Why I don’t think AGI is right around the corner - Dwarkesh Podcast Recap
Podcast: Dwarkesh Podcast
Published: 2025-07-03
Duration: 14 min
Summary
The episode discusses skepticism regarding the imminent arrival of AGI, highlighting the limitations of current AI models, particularly their lack of continual learning capabilities. The host argues that while LLMs can handle specific tasks, they struggle to adapt and improve over time like humans do.
What Happened
In this episode, the host narrates a blog post titled 'Why I Don't Think AGI is Right Around the Corner,' written in June 2025. He reflects on his discussions with various podcast guests about the timelines for achieving AGI, with opinions varying from two to twenty years. While he acknowledges the impressive capabilities of today's LLMs, he argues that Fortune 500 companies are not using them for significant workflow transformations, primarily due to the inherent challenges in extracting human-like labor from these models.
The host emphasizes the critical issue of continual learning, noting that despite their strengths, LLMs do not improve over time in the same organic manner that humans learn. He uses the analogy of teaching a child to play the saxophone, explaining how human learners adapt through experience, whereas LLMs are limited to their initial programming. He suggests that the lack of high-level feedback mechanisms and the inability to retain contextual understanding between sessions contribute to this limitation. Although he expresses optimism for the future potential of AI, he believes that meaningful advancements in continual learning are still years away.
Key Insights
- LLMs are impressive but lack the ability to learn and adapt like humans.
- The current applications of LLMs in corporate settings are limited by their inability to provide high-level feedback.
- Future breakthroughs in AI will likely come from solving the problem of continual learning.
- While the host is skeptical about immediate AGI developments, he remains optimistic about long-term advancements in AI.
Key Questions Answered
What are the current limitations of large language models (LLMs)?
The host describes LLMs as being quite capable at performing specific tasks, but they fall short in their ability to continuously learn and adapt over time. For example, he mentions that while he can co-write an essay with an LLM, the model often struggles to provide useful suggestions initially and fails to retain learned preferences beyond the session. This lack of adaptability is a significant barrier to utilizing LLMs for more complex, human-like tasks.
How does the host compare human learning to AI learning?
The host draws a vivid analogy between teaching a child to play the saxophone and the limitations of LLMs. He explains that human learners improve through trial and error, adjusting their methods based on feedback and personal experience. In contrast, LLMs cannot learn from their mistakes in a meaningful way; they rely on static prompts and lack the capacity for ongoing improvement, resulting in a fundamentally different learning process.
What is the host's perspective on the timeline for achieving AGI?
The host expresses skepticism about the immediate arrival of AGI, suggesting that many predictions are overly optimistic. He mentions discussions with podcast guests who predict AGI within two to twenty years, but he believes that the complexities of continual learning and the current limitations of AI models mean that significant breakthroughs are unlikely to occur within that timeframe. Instead, he posits that while AI may automate certain tasks, true AGI remains further off.

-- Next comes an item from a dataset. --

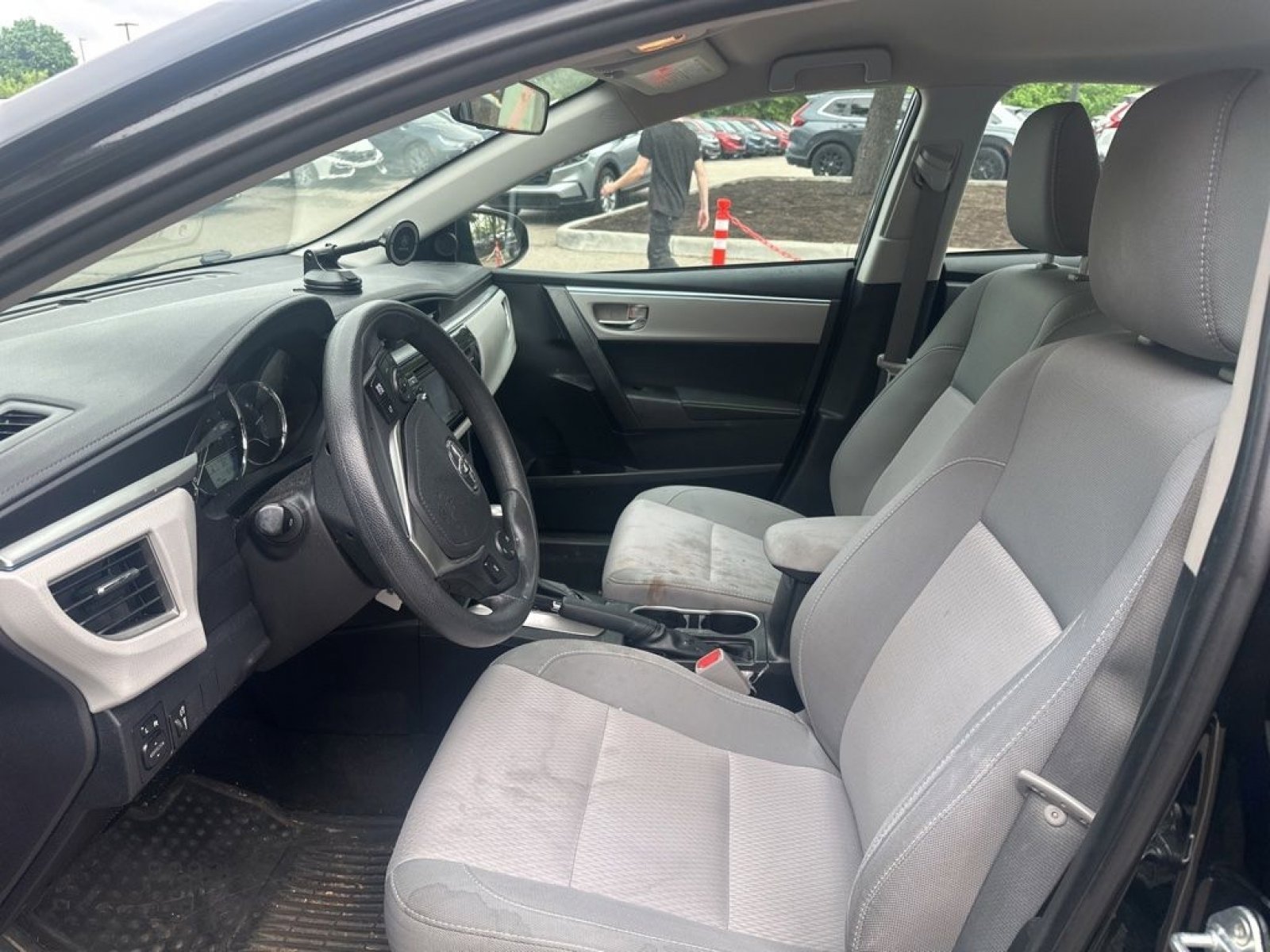 Used 2015 Toyota Corolla LE FWD image 10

What role does continual learning play in the future of AI, according to the host?
Continual learning is portrayed as a critical factor for the future success of AI models. The host argues that once we solve the issue of continual learning, we could see a significant leap in the capabilities of AI, leading to what might resemble an intelligence explosion. He believes that AIs could learn across different applications and contexts if they achieved this capability, allowing them to become much more effective in various roles across the economy.
What are the host's thoughts on the predictions made by his podcast guests regarding AI?

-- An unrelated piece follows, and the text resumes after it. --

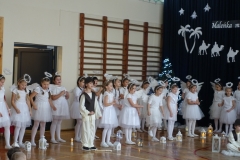 Maleńka miłość w żłobie śpi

The host reflects on the predictions made by researchers he interviewed, including expectations for reliable computer use agents by the end of next year. He expresses skepticism towards these forecasts, particularly regarding the practical application of AI in handling complex tasks like managing emails and invoices. While he acknowledges that current AI tools exist, he believes they are not yet capable of performing at the level his guests anticipate, highlighting a gap between optimistic predictions and the current technological reality.